Locally Aware Transformer
Review of Person Re-Identification with a Locally Aware Transformer
Summary in one sentence.
Sharma et al. propused a locally aware transormer inspired by Parts-based Convolution Baseline(PCB) and ViT(Vision Transformer) as well as a fine-tunning strategy which further improve Re-ID accuracy
Introduction
Person Re-Identification task:
- Person Re-ID task includes object dectation and image retrival tasks in earily researches. It separates the tasks and focuses on finding the most similar images in gallery according to the given querry image in recent researches.
- I sammarized some common approaches in my last post, you can check it before going on.
- Extant problem: Exiting approaches only focus on the classification token, and local tokens which are also outputs of the transformer encoder are able to improve the performance of many computer vision tasks.

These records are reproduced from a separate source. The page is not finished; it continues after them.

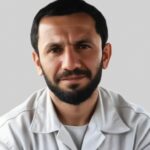 شهید مهدی عاصی طهرانی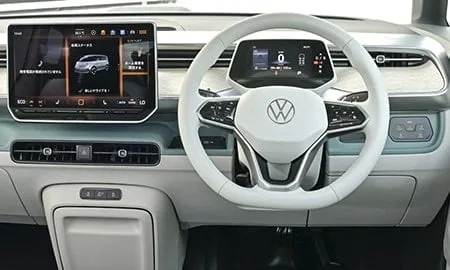 Volkswagen ID Buzz PRO (EB01 / EB01L)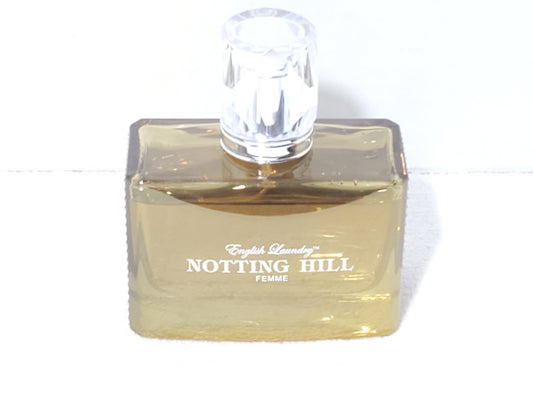 English Laundry Notting Hill Femme Eau de Parfum Spray for Her 3.4 oz Bottle NEW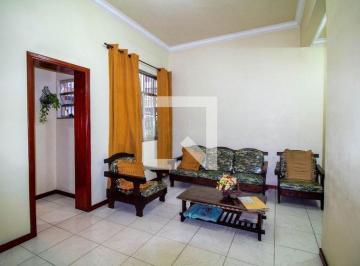 Apartamento · 120m² · 2 Quartos · 1 Vaga · Apartamento à Venda - Grajaú, 2 Quartos,  120 m² - Rio de Janeiro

The LA-transformer utilize local tokens as an enhanced feature representation of the original image. Inspired by the PCB which partitions the feature vector into six vertical regions and constructs an ensemble of regional classifiers with a voting strategy to determine the predicted class label, LA-transformer adopt a PCB-like strategy to fine-tunning on person Re-Id. A limitation of PCB is that each regional classifier ignores the global information which is also very important for recognition and identification. Thus, LA-transformer combines the CLS token and local token to improve performance.
Architecture of LA-transformer
The backbone ViT excludes MLP Head and classifier are same as the original ViT. The novel Locally Aware Network is attached on the backbone network. As the image illustrates that Local feature plus global CLS token to form Globally Enhanced Local Tokens and seprates them into 14 parts. After average pooling, each part of GELT are feed to an independed classifier as PCB’s voting strategy. Eventually, using softmax loss to find the optimal feature representation of images.
Fine-tunning strategy.
Person re-ID datasets are known for their small size and training a transformer on these datasets can quickly lead to overfitting. ViT was pre-trained on ImageNet, and then fine-tuned on person re-ID datasets.
In blockwise fine-tuning, all transformer blocks are frozen in the start
except for the bottleneck model. After every t epochs (where t is a hyper-parameter), one additional transformer encoder block is unfrozen and the learning rate is reduced as described by algorithm1. The learning rate decay helps in reducing the gradient flow in the subsequent layers hence prevent abrupt weight updates.
Test architecture
In the test period, remove the classifiers and use the GELT as a image’s feature representation. Given a querry image, search the most similar images in gallery by the features learned by models.